ZAP-70 Expression as a Surrogate for Immunoglobulin-Variable-Region

Mutations in Chronic Lymphocytic Leukemia

Marta Crespo, B.S., Francesc Bosch, M.D., Neus Villamor, M.D.,

Beatriz Bellosillo, Ph.D., Dolors Colomer, Ph.D., María Rozman, M.D.,

Silvia Marcé, B.S., López-Guillermo, M.D., Elies Campo, M.D.,

and Emili Montserrat, M.D.

ABSTRACT

Background:

The mutational status of immunoglobulin heavy-chain variable-region

(IgVH) genes in the leukemic cells of chronic lymphocytic leukemia

(CLL) is an important prognostic factor in the disease.

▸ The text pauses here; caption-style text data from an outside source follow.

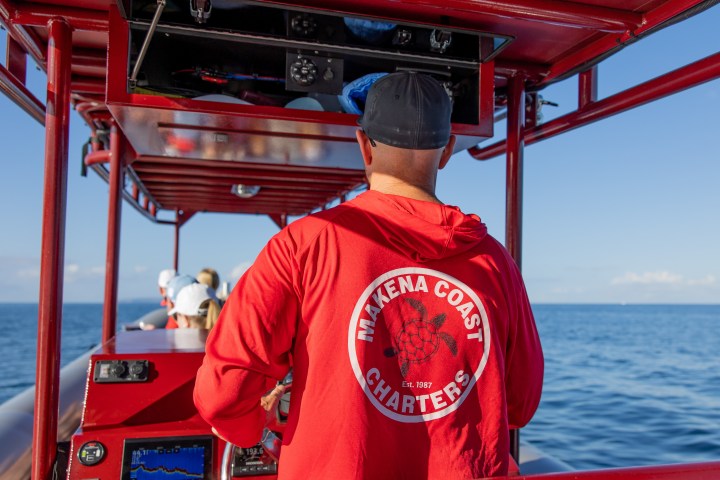 a man standing in front of a boat next to a body of water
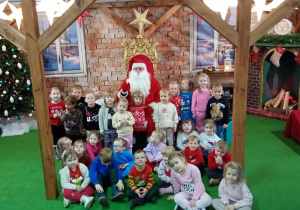 Dzieci pozują do wspólnego zdjęcia ze św. Mikołajem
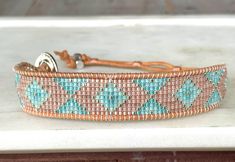 a beaded bracelet on a counter top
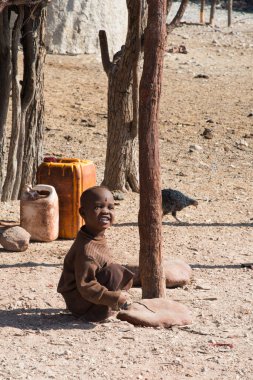 Namibya 'nın dışında oynayan Himba kabilesinden sevimli bir çocuğun dikey çekimi.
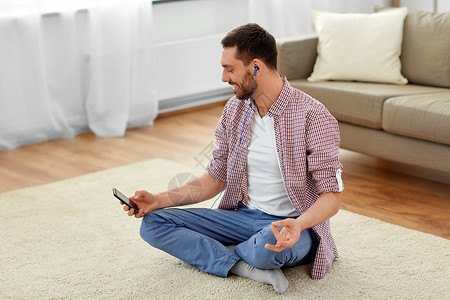 技术,冥想放松人耳机听音乐智能手机冥想莲花姿势家里戴耳机的人听音乐冥想图片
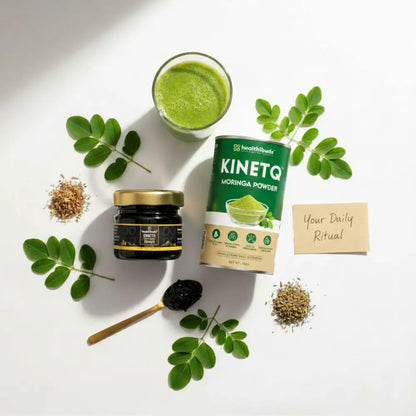 Health products including a jar, a can, and a glass of green juice on a white background with leaves.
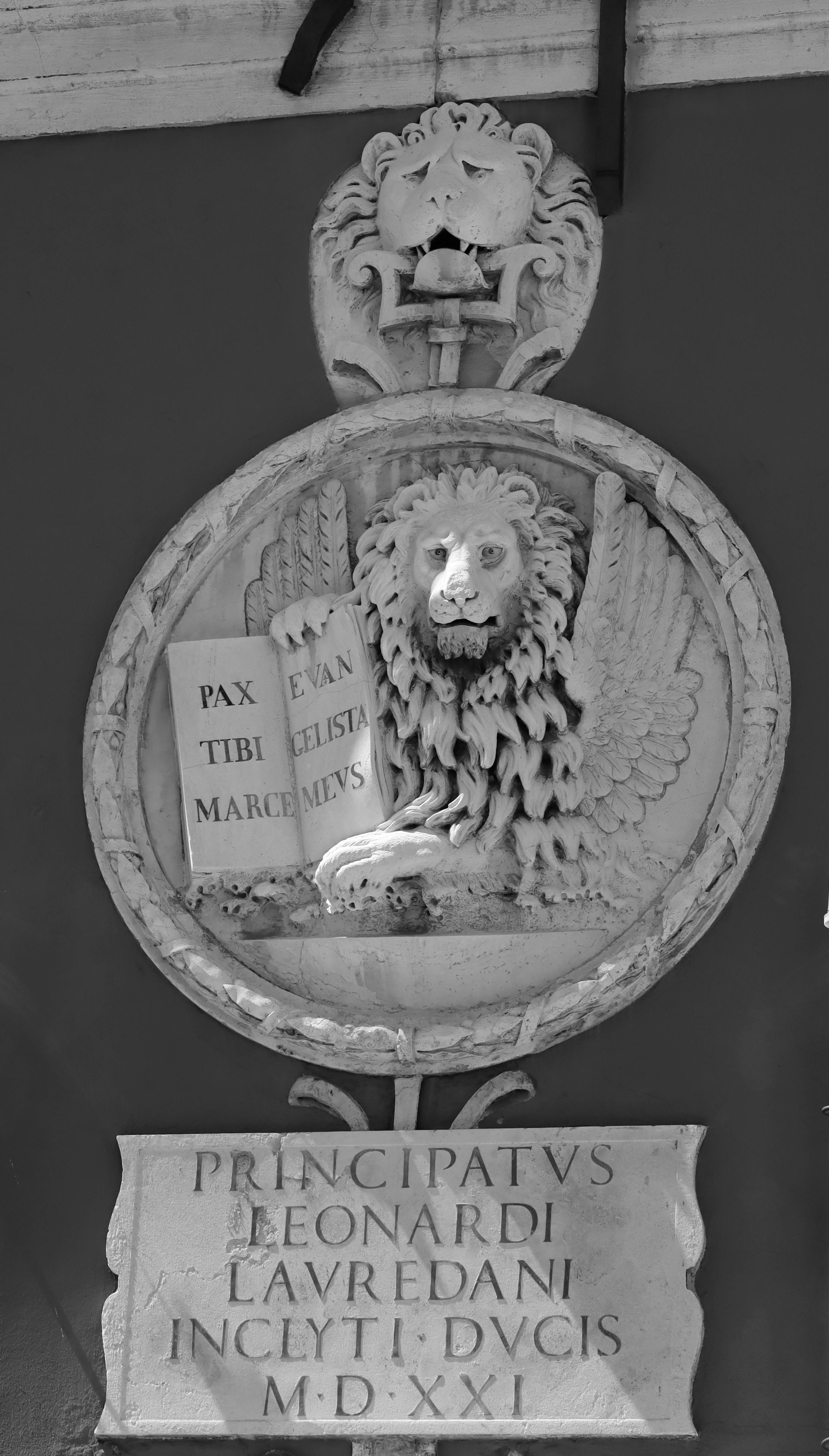 Close-up of a lion sculpture on a monument in Venice, Italy.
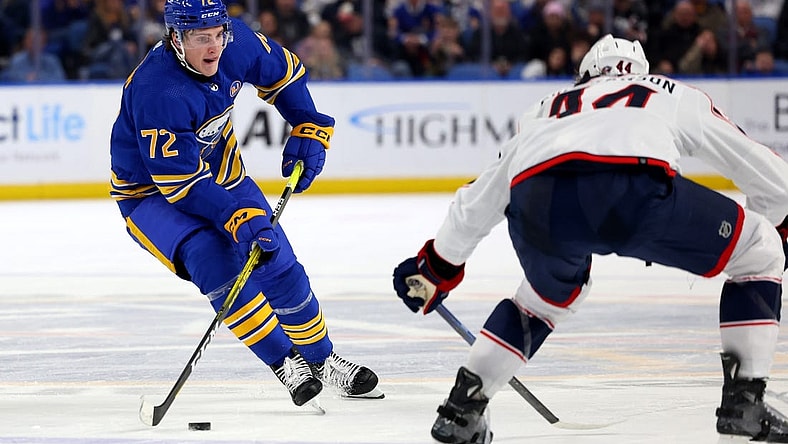 Dec 30, 2023; Buffalo, New York, USA;  Columbus Blue Jackets defenseman Erik Gudbranson (44) looks to block a pass by Buffalo Sabres right wing Tage Thompson (72) during the second period at KeyBank Center. Mandatory Credit: Timothy T. Ludwig-USA TODAY Sports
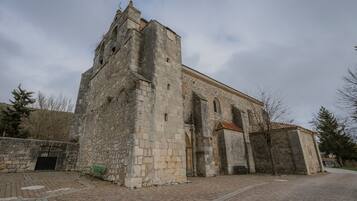 A historic stone building with a tower, a gated entrance, and a paved courtyard.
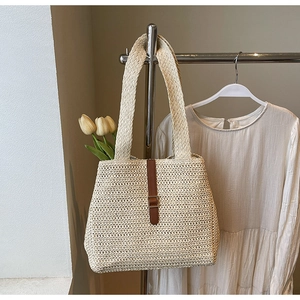 Detail of a woven straw tote bag with brown leather buckle and tulip flower decoration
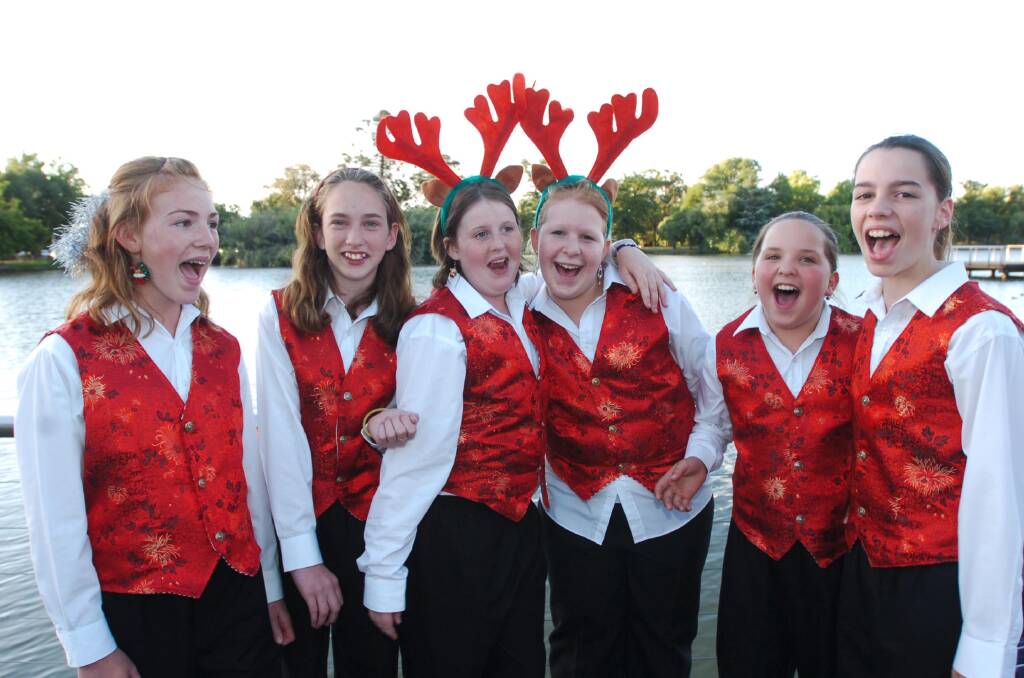 Jennifer, Bianca, Olivia, Melody, Kayla, and Rechelle from the Bendigo Youth Choir warm up before the carols at the Rotary carols by candlelight at Lake Weeroona
pic by Bill Conroy.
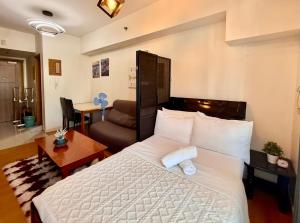 a bedroom with a bed and a living room at Cozy Condo in Ermita Manila near St Lukes Medical Center and US Embassy in Manila +7 photos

We

investigated whether the expression of ZAP-70 by CLL cells correlated

with the IgVH mutational status, disease progression, and survival.

Methods:

The expression of ZAP-70 was analyzed in T-cell and B-cell lines and

in peripheral-blood samples from 56 patients with CLL with the use of

flow cytometry, Western blotting, and immunohistochemistry. The

results were correlated with the IgVH mutational status and clinical

outcome.

Results:

ZAP-70 was detected by flow-cytometric analysis in cells of T-cell

lineage and in leukemic cells from 32 of 56 patients with CLL. In all

patients in whom at least 20 percent of the leukemic cells were

positive for ZAP-70, IgVH was unmutated, whereas IgVH mutations were

found in 21 of 24 patients in whom less than 20 percent of the

leukemic cells were positive for ZAP-70 (P<0.001). Concordant results

were obtained when ZAP-70 expression was assessed by

immunohistochemistry or Western blotting.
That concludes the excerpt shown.